Définissons un peu ces gens, que l’on appelle “nouveau” ou “ancien”

Nouveau

“Non mais c’est quoi ce bordel… Tain je pige rien.”

Caractéristiques

Moins bien

  • Casse un peu les pieds à poser tout le temps des questions
  • Connaissance superficielle des projets, des process, des gens.
  • Dispersé, pouvant souffrir d’un deficit d’attention façon Bruce (Squirel! !)

Squirrel!

Plus mieux

  • Energique
  • Neuf et motivé (de toute façon il est encore en période d’essai, il a intêret)
  • Même hors menace de la période d’essai, quelqu’un joignant une entreprise est souvent sincèrement motivé pour s’investir, prendre ses marques et faire ses preuves.
  • Bref, chaud chaud chaud (à ne pas sous-estimer)

Ancien

“Ah oui, mais en fait faut que je t’explique. A l’époque, on a fait ça pour…”

Caracteristiques

Moins bien

  • Il a souvent beaucoup de travail. En tout cas il est souvent très occupé. La causalité entre ces deux états n’étant pas obligatoirement présente.

“Je suis sous l’eau” — tous les anciens, toujours.

  • Parfois lassé, blasé
  • Et parfois même condescendant, frustré de ce nouveau qui ne comprend pas et pose toujours des questions.

Plus mieux

  • Il fait souvent preuve d’un connaissance approfondie (des années).
  • Qui lui apporte le savoir, la sagesse, et la réponse aux secrets de Jedi WTFs qui peuplent tout projet/application sur lesquels suffisamment de mains sont passées suffisamment longtemps.
  • Il a surtout de l’experience, de l’expérience, de l’expérience.

Conseils

J’aimerais proposer humblement quelques conseils basés sur l’expérience que j’ait eux dans ces deux entreprises incroyables que sont Wid’op et Luceo. J’ai eu la chance d’être accueilli le mieux du monde, rapidement mis en confiance, poussé à donner le meilleur de ce que je sais faire.

Parrainage

Non, pas celui de votre salle de sport.

Plutôt une relation maitre/élève, dans l’esprit de ce qu’on peut retrouver dans le compagnonage.

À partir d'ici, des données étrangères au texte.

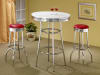 Theodore Round Top Bar Table 3 Piece Set in Chrome and Glossy White Finish by Coaster - 2300 - Image 1 of 0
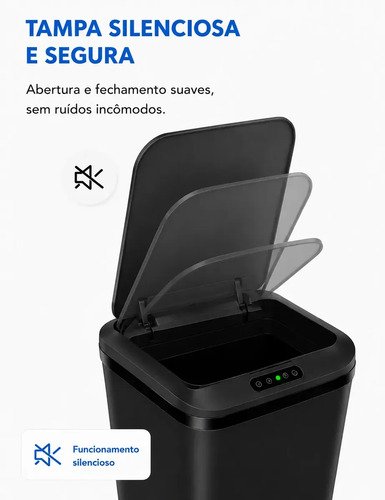 Lixeira Quadrada Preta 16L Inteligente Automática com Sensor para Banheiro e Cozinha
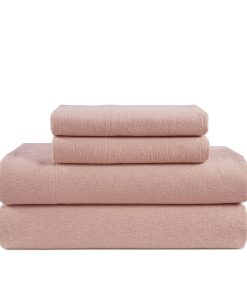 Juego de sábanas de algodón de franela LANE -Rosa sepia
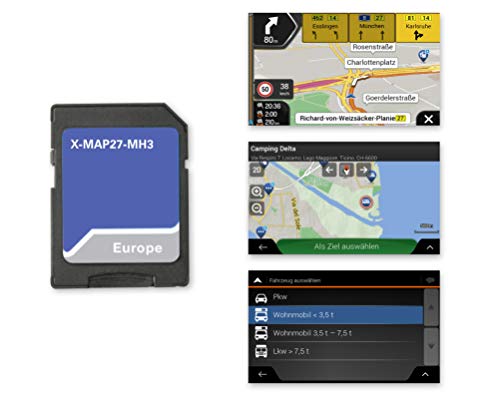 Xzent X-MAP27-MH1: Micro SD-Karte mit Reisemobil Navigation für XZENT Infotainer X-F270, Karten für Europa, Camping P.O.I. Paket, 3 Jahre kostenfreie Kartenupdates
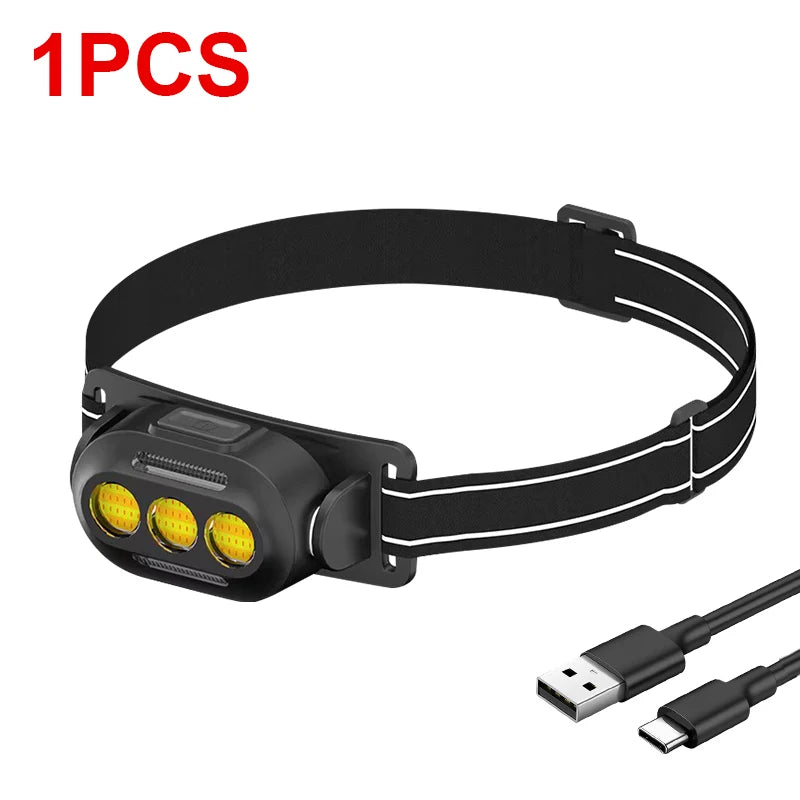 USB Rechargeable LED Sensor Headlamp XPE+COB Headlight Led Head Torch Camping Search Light Head Flashlight for Fishing Lantern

Il s’agit de mettre en place un système de parrainage, entre deux personnes, l’une expérimentée, disponible l’autre nouvelle, volontaire et curieuse (oui, je vis dans le monde des bisounours).

Mais il faut jouer le jeu pour de vrai:

  1. Allouer du temps exprès, dédié à ce parrainage, en plus de la collaboration quotidienne pour gérer le travail de tous les jours

Dans mon cas, j’avais le plaisir de passer quasiment une après-midi par semaine, seul avec le CTO et le lead dev. On l’on choisissait une portion de l’application, puis on me prenait par la main pour une visite guidée pitoresques : beaux monumens, musées, quartiers mal famés, j’avais droit à un plan plutôt précis, le tout agrémenté d’anecdotes historiques sur la construction, et parfois quelques legendes folkloriques.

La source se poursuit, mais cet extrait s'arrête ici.